I can hear the counterarguments about QE artificially inflating bond prices. But the bond rally is not a purely U.S. phenomenon. The Fed is not buying German, Swiss, or French bonds. Throughout the world, rates are inching lower, and to me, it’s the ultimate sign that the largest investors across the globe are more worried about return OF principal rather than return ON principal.
So I got curious. What have been the previous instances when TLT made a 5-year high (I use TLT because it’s an easily observable proxy)? Here is the chart over the last 10 years, with new 5-year high weeks circled in red:
In 2003, the bonds actually had one last rally after the market had already bottomed in March 2003, and that was that. TLT did not breach that 2003 high until January 2008, which was after a 20% drop in the stock market over a 3 month period that marked a short-term low. The January 2008 level was breached in Sept 2008, and then exploded higher in Nov 2008, before selling back off and remaining relatively subdued until mid-2011.
That is important information as QE3 is attributed to the recent bond rally. During both QE1 and QE2, bonds did not rally as a result of Fed purchases. Rather, bonds had their real large rally in 2011 after QE2 had already ended, and it furthers my point that the main reason for bond strength is investor skittishness.

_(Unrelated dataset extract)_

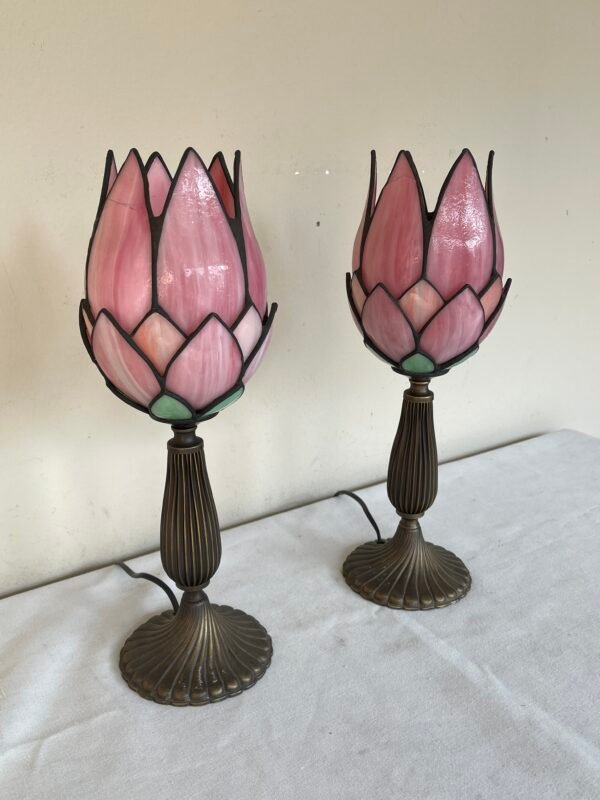 Coppia di lampade stile Tiffany – Vetro colorato a forma di fiore di loto - Image 3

TLT made a new high during the weakness in fall 2011, moving higher in lock step with stocks moving lower, before eventually selling off a bit at the start of 2012 as stocks rallied again. Since then though, TLT has made a new high at the start of June, and then another new high today, even as stocks have shown resilience. New highs in TLT has either marked a short-term bottom for stocks, or a coming selloff, and I think today’s new high is a case of the latter. Complacency continues to reign in the stock market, while the larger Treasury bond market is panicking. I continue to believe that bonds are right.